El 6 de agosto, las cuatro fuerzas de seguridad federales de Argentina despejaban con gases lacrimógenos y balas de goma la plaza del Congreso, donde una multitud se concentraba para frenar la mayor operación de venta de patrimonio de la historia reciente del país. Del otro lado de los disturbios, en el Senado, varios legisladores cambiaron su voto por la presión popular y el Ejecutivo libertario solo pudo aprobar una versión mutilada de su ley estrella. Lo que quedó fuera era el corazón del texto: permitir que cualquier particular o empresa extranjera comprase tierra argentina sin límite de hectáreas y en cualquier punto del país, incluidas zonas de frontera, cordillera o reservas de agua dulce.
Desde 2011 rige una ley que pone techo a esas compras: los extranjeros no pueden poseer más del 15% del suelo rural argentino ni acumular más de 1.000 hectáreas en la zona agrícola más fértil. Hoy hay 13,2 millones de hectáreas en manos foráneas, casi el 5% del país. El proyecto del ministro de Desregulación, Federico Sturzenegger, borraba esos topes.
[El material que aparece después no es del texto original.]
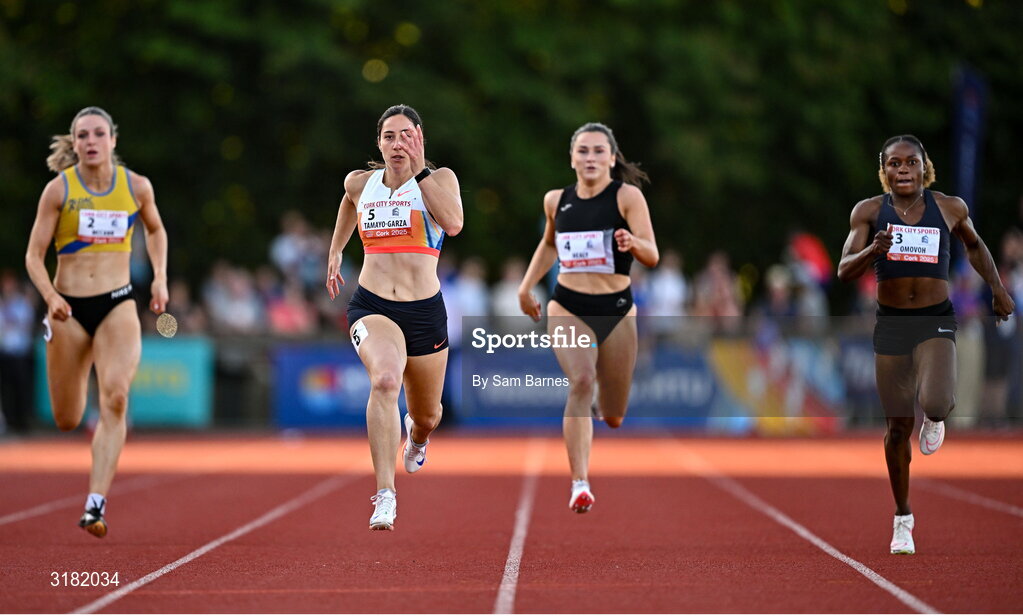 9 July 2025; Cecilia Tamayo-Garza of Mexico, second from left, on her way to winning the Bridgewater Construction Women's 200m, alongside, from left, Rachel McCann of Ireland, Phil Healy of Ireland and Knowledge Omovoh of Nigeria during the Cork City Sports meet at MTU Arena in Cork. Photo by Sam Barnes/Sportsfile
Cuando la protesta creció, Patricia Bullrich —exministra de Seguridad y hoy jefa de los senadores libertarios— ofreció rebajarlos a un 25% por provincia. Tampoco les sirvió: cuatro gobernadores aliados retiraron su apoyo y el capítulo se cayó. Del proyecto sobrevivieron los desahucios exprés, que aún esperan ser convalidados en la cámara de Diputados.
La calle y el protocolo
Pero detrás de esta derrota legislativa, que la represión desdibujó, hay tres años de un gobierno ultra, el del libertario Javier Milei, que ha conseguido aplicar con éxito gran parte de su programa.
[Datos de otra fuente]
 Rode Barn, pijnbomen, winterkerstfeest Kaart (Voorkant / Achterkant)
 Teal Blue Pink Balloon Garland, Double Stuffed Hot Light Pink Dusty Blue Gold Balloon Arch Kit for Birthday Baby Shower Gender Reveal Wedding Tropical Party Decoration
El uso de la violencia contra los manifestantes el pasado agosto no fue una excepción. A los pocos días de asumir, en diciembre de 2023, el Ministerio de Seguridad de Milei aprobó el llamado protocolo antipiquetes, que autoriza a las fuerzas federales a despejar cualquier corte de calle, un método de protesta con un siglo de historia. Amnistía Internacional contabilizó 1.155 heridos en las quince manifestaciones que analizó durante su primer año. En la marcha semanal de jubilados del 12 de marzo de 2025 hubo 114 detenidos —una jueza ordenó liberarlos a todos— y un fotoperiodista con fractura de cráneo. El 6 de agosto, el instituto de estudios de la CTA Autónoma contó 1.500 heridos y 29 detenidos; fuentes policiales admitieron una docena de arrestos.
Todo forma parte del mismo plan. Empezó con un megadecreto, el 70/2023, firmado a los diez días de asumir, que derogó o modificó más de 300 normas. Siguió la Ley Bases de 2024, que concedió a Milei poderes especiales, autorizó privatizar ocho empresas públicas y creó el RIGI, un régimen que garantiza a las grandes inversiones treinta años de estabilidad fiscal y libertad para sacar del país sus dólares. En febrero llegó la reforma laboral: abarata el despido, recorta vacaciones y limita el derecho de huelga. La CGT paró y la recurrió por inconstitucional.
El socio de Washington
La otra pata es exterior. Cuando el peso argentino se tambaleaba antes de las legislativas de octubre de 2025 y Argentina renovaba parcialmente su Congreso y Senado, el Tesoro estadounidense salió al rescate de su dócil aliado con una suerte de préstamo de 20.000 millones de dólares y compras directas de pesos. Una inyección de líquido para que Milei pudiese calmar la economía y prometer a los electores un futuro mejor.
La factura llegó en febrero: un acuerdo comercial que deja en cero los aranceles argentinos para 221 productos estadounidenses y abre cuotas para automóviles, autopartes y carne. Milei ganó aquellos comicios con el 40,66% y su bancada pasó de 43 a 97 diputados.
El escenario de octubre de 2027, cuando en el país sudamericano volverán a abrirse la urnas para elegir presidente, sigue abierto. La pobreza se sitúa en el 30% y la calle acaba de arrancarle al Gobierno su ley más ambiciosa. Además, un 32% de la población sufre inseguridad alimenticia según la FAO.
El problema de quienes quieren desalojarlo está en su propia casa: el peronismo llega dividido entre el gobernador bonaerense Axel Kicillof, el aparato de Cristina Fernández de Kirchner y Sergio Massa, sin candidato ni programa común. Si compite fragmentado, la reelección de Milei deja de ser una hipótesis y pasa a ser una realidad más que plausible.